REPUBLIKA.CO.ID, JAKARTA -- Menteri Koordinator Bidang Perekonomian Airlangga Hartarto menuturkan, pemerintah akan memastikan pemberian fasilitas yang dibutuhkan investor Uni Emirat Arab (UEA). Hal ini dilakukan agar realisasi investasi sesuai dengan harapan sedari awal.
Airlangga mengakui, besaran realisasi investasi memang kerap tidak sama persis dengan perjanjian semula. Secara waktu pun kerap meleset mengingat ada beberapa proses yang dibutuhkan.
"Salah satunya terkait refinery (pemurnian)," ujarnya ketika ditemui di Gedung Kemenko Perekonomian, Jakarta, Rabu (15/1).
Sebelumnya, Airlangga menjelaskan, ada hambatan mengenai investasi pengadaan lahan untuk proyek refinery Pertamina. Tapi, dengan berbagai kemudahan yang sudah disiapkan oleh pemerintah, ia meyakini hambatan itu tidak akan ditemui lagi.
Apalagi, pemerintah kini sedang menyusun Rancangan Undang-Undang Omnibus Law Cipta Lapangan Kerja yang juga memuat mengenai investasi. "Harapannya, investasi bisa dipercepat," kata Airlangga.
Sementara itu, Ekonom Institute for Development of Economic and Finance (Indef) Andry Satrio Nugroho mengingatkan, pemerintah Indonesia harus berhati-hati dalam menarik investasi dari Uni Emirat Arab (UEA). Sebab, dibandingkan negara Asia, negara Timur Tengah hampir tidak mampu merealisasikan investasinya di Indonesia.
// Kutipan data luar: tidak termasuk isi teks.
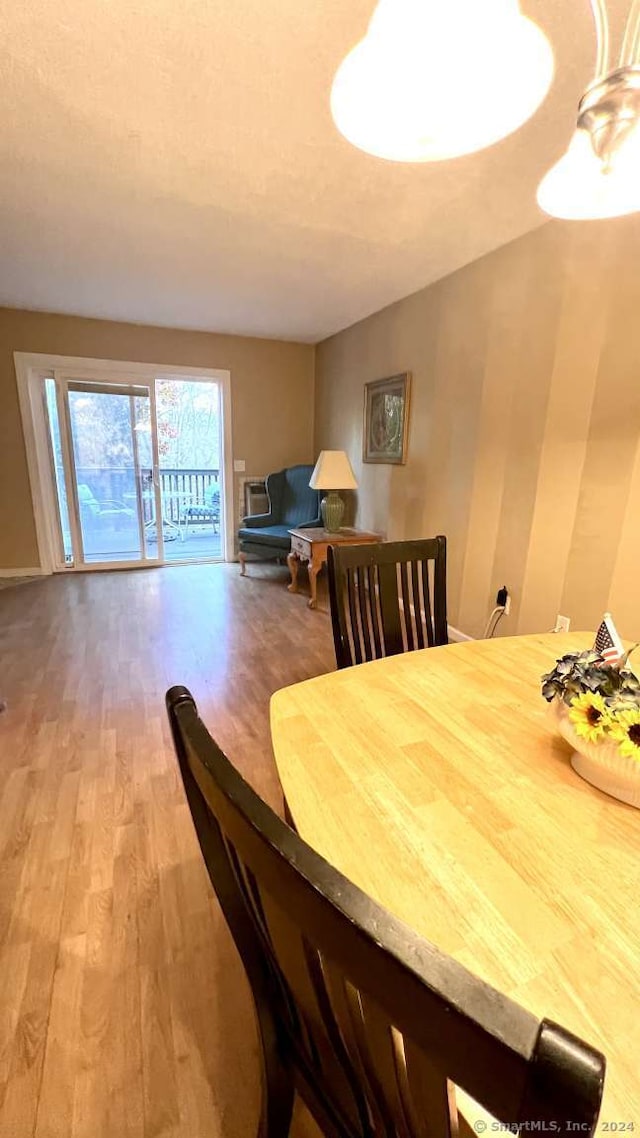 dining area featuring hardwood / wood-style floors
Andry memberikan contoh, rencana investasi Arab Saudi melalui Saudi Aramco di Kilang Cilacap milik PT Pertamina (Persero) sejak dua tahun lalu. Tapi, kenyataannya nihil karena dirasa infrastruktur yang ada belum terbangun. "Mereka cenderung memilih berinvestasi di Malaysia, India dan Cina," ujarnya ketika dihubungi Republika, Rabu (15/1).
Sikap hati-hati yang dimaksud Andry adalah agar jangan sampai pemerintah Indonesia menjanjikan segala hal kepada UAE, namun tidak mendapatkan investasi yang dijanjikan. Atau, lebih buruk adalah Indonesia justru tidak mendapatkan apa-apa.